Are you afraid? What is it you fear? The end of your trivial existence? When the history of my glory is written, your species shall only be a footnote to my magnificence.

Are you afraid? What is it you fear? The end of your trivial existence? When the history of my glory is written, your species shall only be a footnote to my magnificence.

…to quote from our unconventional teacher.  Part time malevolent reality-warping super AI with a God complex, part time calculator, and (evidently) part time instructor.
Source Quote: https://www.youtube.com/watch?v=NOFZ5fv_pb8

 

I have to admit that when I played System Shock 2 as a teenager I wasn’t really paying attention to the educational aspects of the game… sort of how every student does the first time through their school career.  I had the presence of mind to recognize an excellent game, but for the most part was unaware I was incurring some small-scale education, sometimes from SHODAN herself.  As game theorists and our reading of “What Video Games have to Teach Us about Learning and Literacy” would tell you, it turns out she’s actually kinda good at teaching us.

It helped that she’s an awesome villain, to the point that you can’t help but like her a little bit for it, but you don’t start the game knowing who is who.  You begin with a simple and eloquently done tutorial to grasp the basic mechanics of how the game works, and then it unceremoniously drops you into a horror plot.  Even then, the learning process is still happening, though you’ve now graduated from blowing up stationary objects to being thrust into a situation with few resources, a lot of very dangerous and sneaky opponents (System Shock 2 is one of the first examples of a “Survival Horror” game, although it was simply called an FPS at the time), and a number of dubious and dangerous options.

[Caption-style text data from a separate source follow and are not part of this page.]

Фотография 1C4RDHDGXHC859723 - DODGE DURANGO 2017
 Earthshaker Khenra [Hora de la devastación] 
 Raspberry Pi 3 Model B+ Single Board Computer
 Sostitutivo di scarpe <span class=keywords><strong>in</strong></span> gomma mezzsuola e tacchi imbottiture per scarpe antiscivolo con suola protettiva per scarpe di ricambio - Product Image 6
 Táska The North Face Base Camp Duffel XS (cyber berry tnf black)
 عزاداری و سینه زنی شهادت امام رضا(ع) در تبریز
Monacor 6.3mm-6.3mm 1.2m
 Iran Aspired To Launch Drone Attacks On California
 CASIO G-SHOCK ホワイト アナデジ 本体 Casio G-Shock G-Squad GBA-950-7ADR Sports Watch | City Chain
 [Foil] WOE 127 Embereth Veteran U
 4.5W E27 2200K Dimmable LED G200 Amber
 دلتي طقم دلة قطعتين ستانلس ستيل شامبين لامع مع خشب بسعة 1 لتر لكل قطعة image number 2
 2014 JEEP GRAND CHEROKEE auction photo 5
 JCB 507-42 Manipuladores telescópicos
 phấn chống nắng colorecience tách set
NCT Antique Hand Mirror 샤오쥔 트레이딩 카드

Thankfully, you’ve got Captain Polito to help you along during those first tough stages.  She’s quite buddy-buddy with you very early in, and helpful in a limited way due to being stuck on a different part of the ship.  As the ship seems to be disintegrating around you and worm-infested prior humans are running amok, having a normal face to deal with comes as quite the balm as she directs you toward rectifying the situation and staying alive… at first simple objectives (crawl under the destroyed corridor, find a better weapon, jump here, etc) followed by increasingly complex ones (find the key, reactivate the power grid, hack the security system to clear out The Many) with multi-faceted options for the player as to which approach they wish to take.  In this, System Shock 2 is effectively three different games in the same setting, depending on how you choose to go about the game.  Whether you choose the stealth, brute force or psionics approach, they’ll all work in different ways, and make the game play out entirely differently.  About midway through the game, (SPOILER ALERT) SHODAN reveals herself as impersonating the now-dead Captain Polito.  She then informs you of just where you are on the proverbial pecking order and tells you how to deal with The Many directly.

So throughout this game you’ve been absorbing the challenge of your chosen role,  learning what sorts of alcoves are most likely to contain desperately needed supplies, where to find sensitive materials on the ship that you need to progress, and which weapons to use against which enemies more effectively.  By the end of the game, you’ve mostly mastered this act and the game almost seamlessly plays as a true first person shooter vice survival horror, with more emphasis on upping the challenge and combat difficulty than on learning new lessons.

A very similar sequence can be seen in both Portal games as new skills are gently introduced throughout the game, until the puzzles begin combining elements in new and devious ways, creating the challenge element.  Incidentally, that game also has a malevolent AI, this one named GLADOS, and she likes to test things and lie about cakes and murder people with gas.

Sounds an awful lot like the novice-journeyman-mastery cycle.  I haven’t had any of my prior teachers admit to being a malevolent Skynet-esque super villain, but I’m open to the idea.